Feeling Loss, Finding Silver Linings.

Sunset Crater, AZ. photo © ces
Sunset Crater, AZ. photo © ces

 

Each of us has experienced loss in our life.

We’ve had things and loved ones just ripped away.
We’ve been betrayed, we’ve gotten our feelings hurt or our heart broken.
We’ve had to loosen our grip and let go gently.
We’ve turned our back and walked away… or maybe flat out run as fast we could.

We’re left standing there with our trampled hearts in our hands, with the slow dawning of understanding that life will not be the same after this. Our suffering includes everything from small pinpricks to the devastating feeling that the ground has given way beneath us, that we are set adrift.
Most often, we think of grief as the reaction to losing a loved one, but we also grieve when there are other losses in our lives: divorce, loss of a job, the end of a big event that has been inordinately time consuming. Grief is the process through which we sift through what’s left, pick up the pieces and figure out how to put them back together, heal what we can and gather the strength to move forward. Things never go back together the way they were before, because we aren’t the way we were before.

Impermanence is the nature of things. All things rise, hang around a while, then leave (or end) in one way or another. We are continually, irrevocably, altered by the events in our lives and the lessons we learn along the way. Sometimes we grieve. Sometimes we celebrate. Suffering and Joy walk hand in hand the whole way; they are two sides of the same thing.

We suffer when there is pleasure because we know it will eventually end.

We keep vigilant for Joy because we believe that there must be
a light at the end of each dark tunnel, a silver lining to each storm cloud.

Our suffering tells us of our attachments, our capacity for Love. Our grief calls on us to stop what we’re doing and feel into our hearts and souls. Life breaks us open in ways that may not even be apparent at first (or even after a little while) – but, if we’re lucky, our sorrow may show us the way into deeper levels of compassion, for ourselves and for others. We break because we love. Yet it is our need and ability to love that heals us, that gives us the courage and strength to try again… again, again.

“Tears shed for another person are not a sign of weakness.
They are a sign of a pure heart.”
~ Jose N. Harris *

How can we be gentle with ourselves as we transition through the tough times? Grief is not a scripted, scheduled thing, but a process that each of us must go though in our own way and in our own time; it has a life of it’s own and will not be rushed. How do we recover?

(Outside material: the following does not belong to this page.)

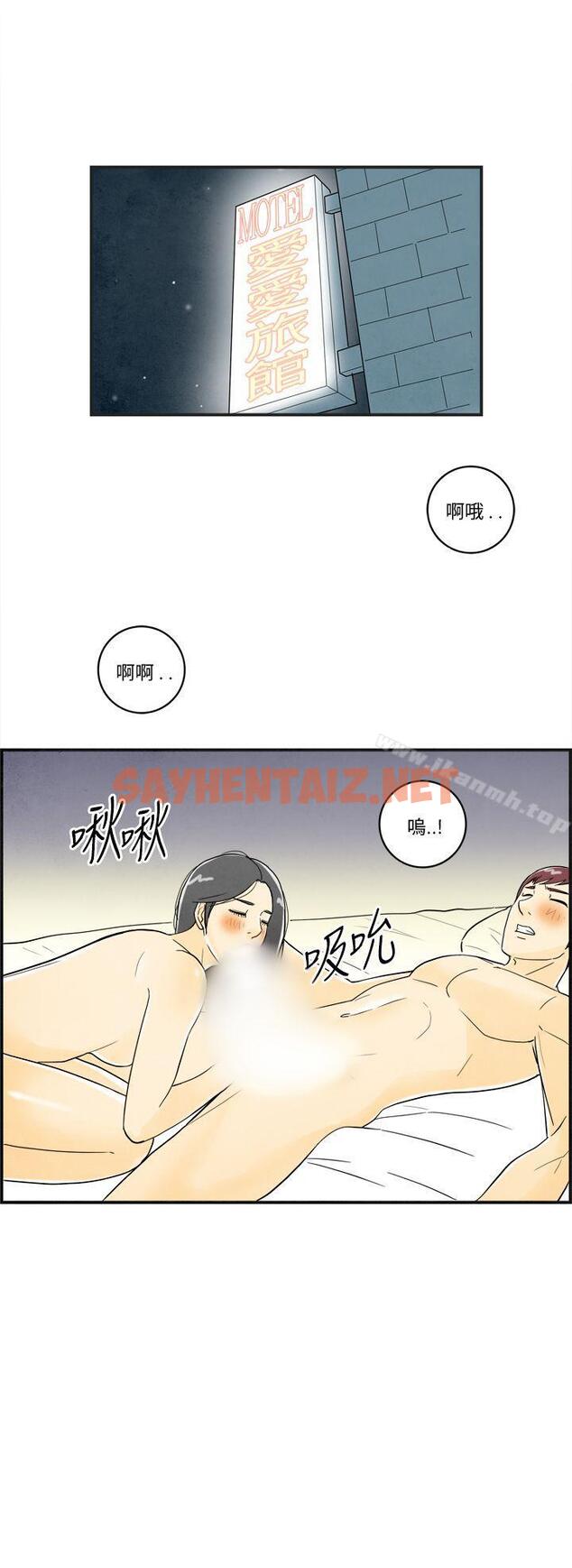 查看漫画離婚報告書(完結) - 第10話-喜愛變性人的老公<4> - sayhentaiz.net中的217797图片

~ Dive into the rawness of the pain. Allow yourself to feel it all the way as deep as it goes. Use the breath to sit with difficult emotions; stay with them, feel them, allow them to move through you. Ask the pain what is has to teach you. Maybe journal a conversation with your pain and grief.

~ Give yourself what you need most. Care for yourself as you would a small child.

Take some time off. Shutter the windows and doors and wail in the dark until you feel all wrung out.

Find a shoulder to cry on, someone to hold space for you to process your sorrow; sharing our pain as well as our Joy helps us to know we are not alone in our grief, nor is it impossible to recover from it.

~ Sift through all the broken pieces. What’s left? Invoke healing light and blessings to help bandage the holes in your heart. Pray. Meditate. Find the Stillness within and Rest there. In the stillness we can connect to all the Love in the Universe.

~ Move your body. Take a soothing bath. Rest some more.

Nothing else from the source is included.